Carefully curated celebrity cameos and British behaviour are two things Burberry consistently nails. Unsurprisingly, then, we were fans of its latest festival-themed campaign.
In celebration of Britain’s storied festival culture, Burberry has unveiled its Summer 2025 Festival Campaign, fusing music, fashion, and ‘90s nostalgia to capture the energy of the UK’s summer music scene.
The campaign, directed by Kim Gehrig and photographed by Drew Vickers, plays on Burberry’s heritage, with a multi-generational cast of music and fashion icons headlined by Oasis legend Liam Gallagher, drum and bass pioneer Goldie, and style mavens Cara Delevingne and Alexa Chung.
The ‘Burberry Festival’ campaign is an ode to the muddy fields, pulsing sound systems, and eclectic style of British festivals, evoking the spirit of the 1990s when Britpop and jungle ruled the airwaves.
Described as a “collage of candid moments”, the campaign blends short films and vivid portraits set against festival backdrops. Think plywood stages, rain-soaked grounds, and towering speakers.

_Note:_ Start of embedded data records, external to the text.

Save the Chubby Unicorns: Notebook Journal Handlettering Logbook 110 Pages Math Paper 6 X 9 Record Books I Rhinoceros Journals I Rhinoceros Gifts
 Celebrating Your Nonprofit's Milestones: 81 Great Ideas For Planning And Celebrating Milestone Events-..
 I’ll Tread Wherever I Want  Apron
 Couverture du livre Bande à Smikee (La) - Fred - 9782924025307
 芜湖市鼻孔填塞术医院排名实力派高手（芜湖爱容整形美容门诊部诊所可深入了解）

The soundtrack, Liquid’s 1991 breakbeat anthem ‘Sweet Harmony’, pulses through the films, grounding the campaign in nostalgia while celebrating today’s vibrant scene.
Liam Gallagher, a Burberry stalwart, fronts the campaign in his own archival SS18 parka by Christopher Bailey, set for a limited reissue in July 2025. He’s joined by his children, Lennon, Gene, and Molly Moorish-Gallagher.
We were also hyped to see Goldie, a UK music icon, appear too, alongside rising stars like Loyle Carner, Chy Cartier, John Glacier, and Stray Kids’ Seungmin. More familiar faces include Cara Delevingne and Alexa Chung, who embody the campaign’s mix of streetwear grit and high-fashion polish.
Our take
There are a lot of tickboxes neatly filled in by this campaign. Once again evoking a very-British pastime (fishing, shooting, and farming have featured in previous outings), the festival now gets its time to shine, and Burberry’s outdoor apparel seems fitting in this weather-agnostic context.
Given the more boujee bent of many outdoor gatherings nowadays, high fashion doesn’t seem out of keeping in the ads, although I’d argue it would have done in the 1990s. Yet, by blending nostalgia with a few fresher faces, Burberry is able to embrace its heyday while not alienating modern audiences.
On the subject of celebrity, Burberry always curates its choices well, this time knowingly embracing edgier, yet still nationally beloved, faces.